For most applications where CIELAB is used today, both IPT and Oklab are better alternatives. The choice between them is a judgment call, though Oklab does have better prediction of chroma and lightness.

Is an even better color space possible? I think so. I personally would like to see a transfer function with a little more contrast in the near-black region (closer to CIELAB), but this is something of a judgment call. I also think it’s possible to optimize on the basis of higher quality data; indexing off an existing color space retains any flaws in that space. Perhaps the biggest concern is that there is no one clear contender for a post-CIELAB standard. Another spin on Oklab with even higher quality data, and a consensus-building process, could be exactly that.

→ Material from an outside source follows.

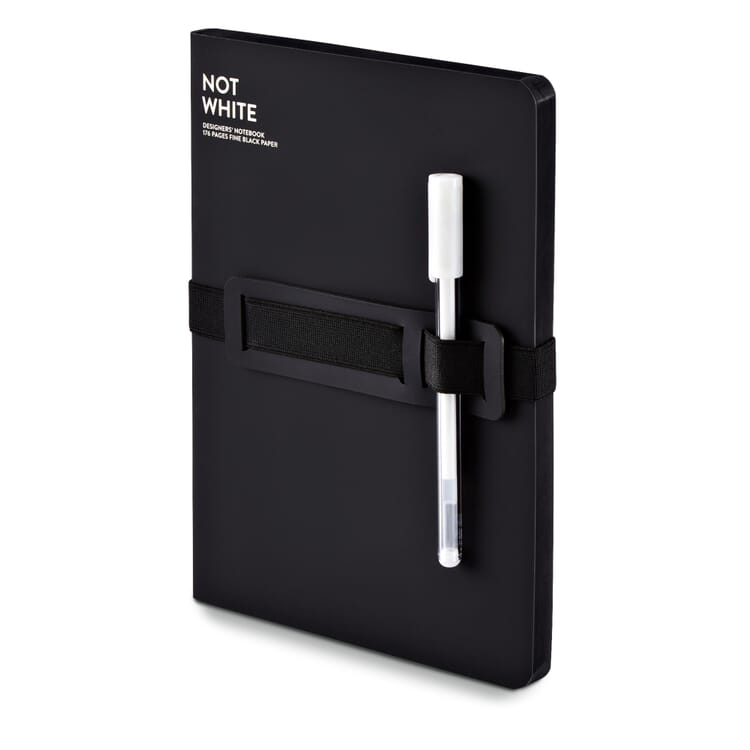 Notebook Not White, Black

In the meantime, I can highly recommend Oklab for tasks such as making better gradients.

This blog post benefitted greatly from conversations with Björn Ottson and Jacob Rus, though of course my mistakes are my own.

Discuss on Hacker News.

Update 2021-01-29

I’ve added several more color spaces to the widget above.

One of the color spaces is linear mixing, which doesn’t have great hue linearity, and is perceptually way too light in the white-black ramp. But I include it for comparison because some have suggested that it is appropriate for gradients.

Another great resource for “better gradients” is Matt Deslaurier’s gradient Observable notebook. That now has an open source license and a correct implementation of XYB.

XYB

The XYB color space is part of JPEG XL, and thus its main motivation is image compression. Its hue linearity is not great, about halfway between CIELAB and IPT. However, it has a nice transfer function - it’s a cube root with an offset, which has generally similar darkness/lightness as CIELAB, but with smoother derivatives throughout. If I were to make a new color space, I would choose this transfer function.

SRLAB2

A very little known color space is SRLAB2 by Jan Behrens. It uses the CIELAB transfer function but updates the matrices for better hue linearity. Overall it performs very well; the only flaw I found is that the red-white ramp bends toward orange (as does CIELAB).

Juha Järvi has produced a gist analyzing SRLAB2 in more detail, and there is some Reddit discussion as well. Thanks to Juha for bringing this to my attention.